Её старшая Надька замуж выскочила 17-летней за соседского пьянчужку Лёху.
Свадьба у них была какая-то торопливая, похожая на пожар…
Полька лежала пьяная за каменком печи и безвольно махала рукой.
– Пусть живут, как хотят…
Лёха стал Надьку поколачивать тоже на первом году совместной жизни, сначала так робко, пробно, проверял её реакцию.
Она принимала всё с материнской воловьей покорностью…
Лёха пил просто по-чёрному, годам к тридцати слыл уже просто беспробудным. Надька была баба хваткая на работу, в совхозной столовой работала поварихой, семью кормила, дом тянула на себе. Была бита со зверским постоянством, годам к тридцати не имела передних зубов, а все губы «украшали» шрамы и шрамчики.
Для памяти о семейной жизни родила троих детей, которым батя раздавал затрещины и подзатыльники едва не с зыбки.
Пацаны росли забитыми с красными от слёз и непроходящего коньюктивита глазами. Их дразнили и колошматили в школе, просто так, за фамилию, которая стала на деревне синонимом дури…
Полю убил мужинёк-«каркодил» в 46 лет. По пьянке проломил голову ломом.
Его посадили на 7 лет общего режима, года через четыре его закопали на тахтамыгдинском кладбище, на могильном холме поставили отёсанный кол с порядковым номерком.
Лёху по пьяни поколотила стая деревенских упитых зверёнышей.

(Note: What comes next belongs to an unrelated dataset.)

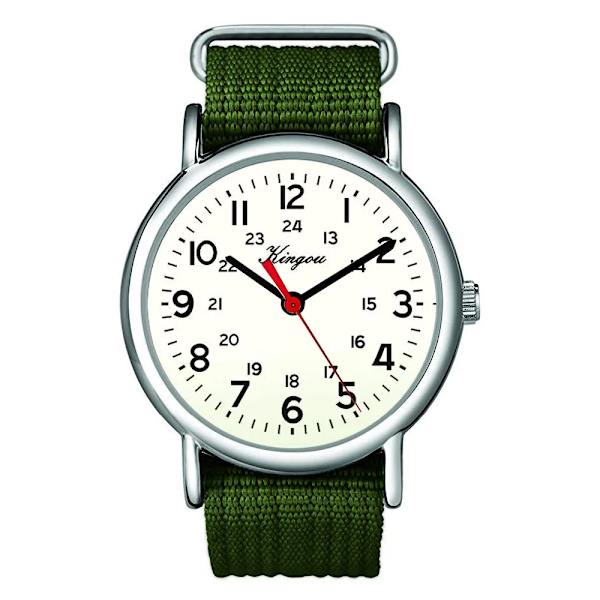 Watch Militär nylon Vattentät kvartsklockor för män Pojke anti-scratch Spegel 40 mm Armbandsur Födelsedagspresenter Green B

Просто так, от чувств. С той поры он так и остался неходячим инвалидом. Пацанов долго и нудно судили районным судом, половина из них стали свидетелями… Кого-то посадили на смешные сроки. Освободившись, они приходили к нему мириться. Вместе пили мутное пойло. Неходячий Лёха их простил. Ну с кем не бывает…
Надька померла от инсульта в 41 год. Ровно на третий день на выходе из глубокого запоя её хватил удар
Её младший Толик получил шесть лет, по деревенскому определению «за коноплю».
Старший Андрюха на беду женился, родил на свет троих детей. Двое из них стали учениками коррекционного класса местной школы.
Я как-то спросил их учительницу, как учатся мои дальние родственники?
– Да они вообще необучаемые, – без паузы ответила она мне.
…Всё, что написано выше, – чистая правда. Изменил только имена.